Short web captions:
-- Opening Marker --
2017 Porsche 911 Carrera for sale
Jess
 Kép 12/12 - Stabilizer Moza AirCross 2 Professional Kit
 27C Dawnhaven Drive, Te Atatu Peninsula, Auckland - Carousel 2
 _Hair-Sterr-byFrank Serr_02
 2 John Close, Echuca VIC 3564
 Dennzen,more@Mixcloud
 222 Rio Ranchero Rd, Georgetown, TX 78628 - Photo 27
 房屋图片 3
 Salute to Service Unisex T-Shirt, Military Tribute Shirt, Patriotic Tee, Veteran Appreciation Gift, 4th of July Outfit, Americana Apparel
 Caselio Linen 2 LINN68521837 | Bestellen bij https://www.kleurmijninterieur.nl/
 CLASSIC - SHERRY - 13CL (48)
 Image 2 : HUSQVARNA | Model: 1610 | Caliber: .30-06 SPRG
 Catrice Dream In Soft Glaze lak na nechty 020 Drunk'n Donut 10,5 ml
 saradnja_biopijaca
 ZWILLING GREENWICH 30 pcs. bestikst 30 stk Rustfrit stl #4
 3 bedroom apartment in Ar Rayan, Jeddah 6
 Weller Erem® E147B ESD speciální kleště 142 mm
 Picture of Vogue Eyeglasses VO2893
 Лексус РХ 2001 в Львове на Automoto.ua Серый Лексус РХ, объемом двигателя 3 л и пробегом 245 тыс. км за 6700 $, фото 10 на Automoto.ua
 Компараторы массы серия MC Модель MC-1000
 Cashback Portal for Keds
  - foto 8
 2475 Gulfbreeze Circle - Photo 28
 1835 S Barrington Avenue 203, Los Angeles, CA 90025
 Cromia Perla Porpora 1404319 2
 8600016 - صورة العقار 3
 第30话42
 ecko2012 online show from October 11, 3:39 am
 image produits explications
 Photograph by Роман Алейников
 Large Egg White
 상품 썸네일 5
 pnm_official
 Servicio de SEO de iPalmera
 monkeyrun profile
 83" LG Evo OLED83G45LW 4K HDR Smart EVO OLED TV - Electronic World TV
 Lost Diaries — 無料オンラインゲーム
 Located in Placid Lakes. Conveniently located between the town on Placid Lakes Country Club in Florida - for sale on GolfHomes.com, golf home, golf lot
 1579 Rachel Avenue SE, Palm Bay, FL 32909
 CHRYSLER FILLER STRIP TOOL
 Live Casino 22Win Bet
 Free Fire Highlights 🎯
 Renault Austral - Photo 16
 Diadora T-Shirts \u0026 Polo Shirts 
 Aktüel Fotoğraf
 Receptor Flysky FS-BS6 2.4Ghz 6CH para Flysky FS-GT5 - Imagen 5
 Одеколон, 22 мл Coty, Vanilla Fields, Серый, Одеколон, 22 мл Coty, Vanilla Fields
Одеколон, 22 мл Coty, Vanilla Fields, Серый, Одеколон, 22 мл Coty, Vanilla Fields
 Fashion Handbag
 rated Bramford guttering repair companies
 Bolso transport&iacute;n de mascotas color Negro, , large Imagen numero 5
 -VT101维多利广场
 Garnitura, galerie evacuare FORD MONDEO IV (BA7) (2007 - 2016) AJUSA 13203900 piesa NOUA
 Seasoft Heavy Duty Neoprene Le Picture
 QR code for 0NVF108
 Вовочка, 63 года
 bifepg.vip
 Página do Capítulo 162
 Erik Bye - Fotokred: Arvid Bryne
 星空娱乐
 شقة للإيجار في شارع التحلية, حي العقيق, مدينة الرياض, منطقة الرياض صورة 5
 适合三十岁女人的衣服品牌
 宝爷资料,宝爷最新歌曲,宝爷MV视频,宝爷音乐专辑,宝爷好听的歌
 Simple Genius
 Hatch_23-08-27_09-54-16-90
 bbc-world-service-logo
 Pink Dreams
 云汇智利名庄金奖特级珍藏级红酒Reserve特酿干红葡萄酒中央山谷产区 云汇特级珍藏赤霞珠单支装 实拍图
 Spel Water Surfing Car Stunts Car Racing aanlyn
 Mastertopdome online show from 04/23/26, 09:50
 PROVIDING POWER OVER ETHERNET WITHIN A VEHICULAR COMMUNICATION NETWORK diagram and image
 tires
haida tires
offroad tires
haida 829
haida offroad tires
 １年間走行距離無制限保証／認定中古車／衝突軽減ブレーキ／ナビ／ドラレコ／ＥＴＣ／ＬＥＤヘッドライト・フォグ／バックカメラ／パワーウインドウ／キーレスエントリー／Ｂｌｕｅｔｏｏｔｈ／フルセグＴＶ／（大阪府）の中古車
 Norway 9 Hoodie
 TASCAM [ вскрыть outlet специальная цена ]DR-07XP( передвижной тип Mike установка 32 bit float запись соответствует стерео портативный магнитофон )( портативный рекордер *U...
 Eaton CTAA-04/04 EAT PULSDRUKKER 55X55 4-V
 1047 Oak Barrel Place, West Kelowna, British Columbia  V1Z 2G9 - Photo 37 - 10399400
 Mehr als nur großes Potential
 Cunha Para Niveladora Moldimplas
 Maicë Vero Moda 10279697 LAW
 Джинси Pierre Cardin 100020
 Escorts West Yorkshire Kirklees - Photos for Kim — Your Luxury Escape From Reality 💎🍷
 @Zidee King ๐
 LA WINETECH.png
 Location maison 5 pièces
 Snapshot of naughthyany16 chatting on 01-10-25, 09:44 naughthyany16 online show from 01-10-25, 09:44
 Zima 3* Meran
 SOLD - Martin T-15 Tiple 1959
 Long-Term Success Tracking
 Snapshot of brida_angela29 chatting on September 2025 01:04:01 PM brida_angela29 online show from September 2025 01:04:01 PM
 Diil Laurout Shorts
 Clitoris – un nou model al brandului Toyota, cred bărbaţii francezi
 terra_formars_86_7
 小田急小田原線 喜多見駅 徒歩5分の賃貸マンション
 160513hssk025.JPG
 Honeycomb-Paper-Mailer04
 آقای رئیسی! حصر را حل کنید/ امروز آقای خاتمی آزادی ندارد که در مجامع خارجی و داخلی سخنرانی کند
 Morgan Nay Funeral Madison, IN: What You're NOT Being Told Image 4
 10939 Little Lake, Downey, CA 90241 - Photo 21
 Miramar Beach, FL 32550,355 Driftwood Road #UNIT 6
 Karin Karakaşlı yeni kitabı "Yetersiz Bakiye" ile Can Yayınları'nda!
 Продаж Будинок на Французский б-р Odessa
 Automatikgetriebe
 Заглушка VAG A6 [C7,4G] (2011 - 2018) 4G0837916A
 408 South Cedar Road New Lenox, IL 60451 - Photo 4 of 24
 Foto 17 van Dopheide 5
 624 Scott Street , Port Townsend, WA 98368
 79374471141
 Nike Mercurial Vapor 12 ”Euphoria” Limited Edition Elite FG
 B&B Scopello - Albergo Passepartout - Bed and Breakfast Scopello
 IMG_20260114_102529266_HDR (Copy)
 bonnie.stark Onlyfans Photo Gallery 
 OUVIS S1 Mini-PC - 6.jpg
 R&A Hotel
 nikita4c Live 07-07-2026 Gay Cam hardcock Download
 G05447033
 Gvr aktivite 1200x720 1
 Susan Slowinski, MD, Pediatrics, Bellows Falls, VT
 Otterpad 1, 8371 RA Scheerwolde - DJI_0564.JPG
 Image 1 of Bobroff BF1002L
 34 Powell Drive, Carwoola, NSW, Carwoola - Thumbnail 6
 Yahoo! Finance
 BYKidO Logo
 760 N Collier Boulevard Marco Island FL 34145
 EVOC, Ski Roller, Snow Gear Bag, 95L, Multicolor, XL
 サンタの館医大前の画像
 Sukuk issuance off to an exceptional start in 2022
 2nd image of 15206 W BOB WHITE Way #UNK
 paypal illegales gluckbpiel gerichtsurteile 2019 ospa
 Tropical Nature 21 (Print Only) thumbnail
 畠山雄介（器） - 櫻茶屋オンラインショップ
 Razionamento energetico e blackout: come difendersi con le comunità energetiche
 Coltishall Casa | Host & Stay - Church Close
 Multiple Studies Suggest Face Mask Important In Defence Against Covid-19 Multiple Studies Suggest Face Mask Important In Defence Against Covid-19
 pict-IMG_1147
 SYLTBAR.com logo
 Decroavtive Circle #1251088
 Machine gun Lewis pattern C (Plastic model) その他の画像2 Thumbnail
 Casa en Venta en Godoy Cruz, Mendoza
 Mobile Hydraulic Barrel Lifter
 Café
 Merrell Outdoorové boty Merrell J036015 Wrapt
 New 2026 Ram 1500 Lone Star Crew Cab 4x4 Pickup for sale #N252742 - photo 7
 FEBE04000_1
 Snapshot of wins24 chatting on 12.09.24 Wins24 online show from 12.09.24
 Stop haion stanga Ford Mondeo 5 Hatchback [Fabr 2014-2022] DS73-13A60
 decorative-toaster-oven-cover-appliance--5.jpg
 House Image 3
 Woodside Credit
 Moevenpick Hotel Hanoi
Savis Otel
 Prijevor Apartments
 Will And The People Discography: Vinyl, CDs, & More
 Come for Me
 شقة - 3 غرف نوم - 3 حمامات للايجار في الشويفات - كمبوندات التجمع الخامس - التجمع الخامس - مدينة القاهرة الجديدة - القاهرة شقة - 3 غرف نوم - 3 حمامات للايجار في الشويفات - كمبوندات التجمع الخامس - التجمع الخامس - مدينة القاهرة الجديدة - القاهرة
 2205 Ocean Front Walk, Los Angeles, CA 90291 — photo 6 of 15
-- Closing Marker --
### [What needs to be done]
Look back at the data above. Transcribe exactly the lines starting at the line that contains "QR code for 0NVF108" and ending at the line that contains "Karin Karakaşlı yeni".

### [Reply]
 QR code for 0NVF108
 Вовочка, 63 года
 bifepg.vip
 Página do Capítulo 162
 Erik Bye - Fotokred: Arvid Bryne
 星空娱乐
 شقة للإيجار في شارع التحلية, حي العقيق, مدينة الرياض, منطقة الرياض صورة 5
 适合三十岁女人的衣服品牌
 宝爷资料,宝爷最新歌曲,宝爷MV视频,宝爷音乐专辑,宝爷好听的歌
 Simple Genius
 Hatch_23-08-27_09-54-16-90
 bbc-world-service-logo
 Pink Dreams
 云汇智利名庄金奖特级珍藏级红酒Reserve特酿干红葡萄酒中央山谷产区 云汇特级珍藏赤霞珠单支装 实拍图
 Spel Water Surfing Car Stunts Car Racing aanlyn
 Mastertopdome online show from 04/23/26, 09:50
 PROVIDING POWER OVER ETHERNET WITHIN A VEHICULAR COMMUNICATION NETWORK diagram and image
 tires
haida tires
offroad tires
haida 829
haida offroad tires
 １年間走行距離無制限保証／認定中古車／衝突軽減ブレーキ／ナビ／ドラレコ／ＥＴＣ／ＬＥＤヘッドライト・フォグ／バックカメラ／パワーウインドウ／キーレスエントリー／Ｂｌｕｅｔｏｏｔｈ／フルセグＴＶ／（大阪府）の中古車
 Norway 9 Hoodie
 TASCAM [ вскрыть outlet специальная цена ]DR-07XP( передвижной тип Mike установка 32 bit float запись соответствует стерео портативный магнитофон )( портативный рекордер *U...
 Eaton CTAA-04/04 EAT PULSDRUKKER 55X55 4-V
 1047 Oak Barrel Place, West Kelowna, British Columbia  V1Z 2G9 - Photo 37 - 10399400
 Mehr als nur großes Potential
 Cunha Para Niveladora Moldimplas
 Maicë Vero Moda 10279697 LAW
 Джинси Pierre Cardin 100020
 Escorts West Yorkshire Kirklees - Photos for Kim — Your Luxury Escape From Reality 💎🍷
 @Zidee King ๐
 LA WINETECH.png
 Location maison 5 pièces
 Snapshot of naughthyany16 chatting on 01-10-25, 09:44 naughthyany16 online show from 01-10-25, 09:44
 Zima 3* Meran
 SOLD - Martin T-15 Tiple 1959
 Long-Term Success Tracking
 Snapshot of brida_angela29 chatting on September 2025 01:04:01 PM brida_angela29 online show from September 2025 01:04:01 PM
 Diil Laurout Shorts
 Clitoris – un nou model al brandului Toyota, cred bărbaţii francezi
 terra_formars_86_7
 小田急小田原線 喜多見駅 徒歩5分の賃貸マンション
 160513hssk025.JPG
 Honeycomb-Paper-Mailer04
 آقای رئیسی! حصر را حل کنید/ امروز آقای خاتمی آزادی ندارد که در مجامع خارجی و داخلی سخنرانی کند
 Morgan Nay Funeral Madison, IN: What You're NOT Being Told Image 4
 10939 Little Lake, Downey, CA 90241 - Photo 21
 Miramar Beach, FL 32550,355 Driftwood Road #UNIT 6
 Karin Karakaşlı yeni kitabı "Yetersiz Bakiye" ile Can Yayınları'nda!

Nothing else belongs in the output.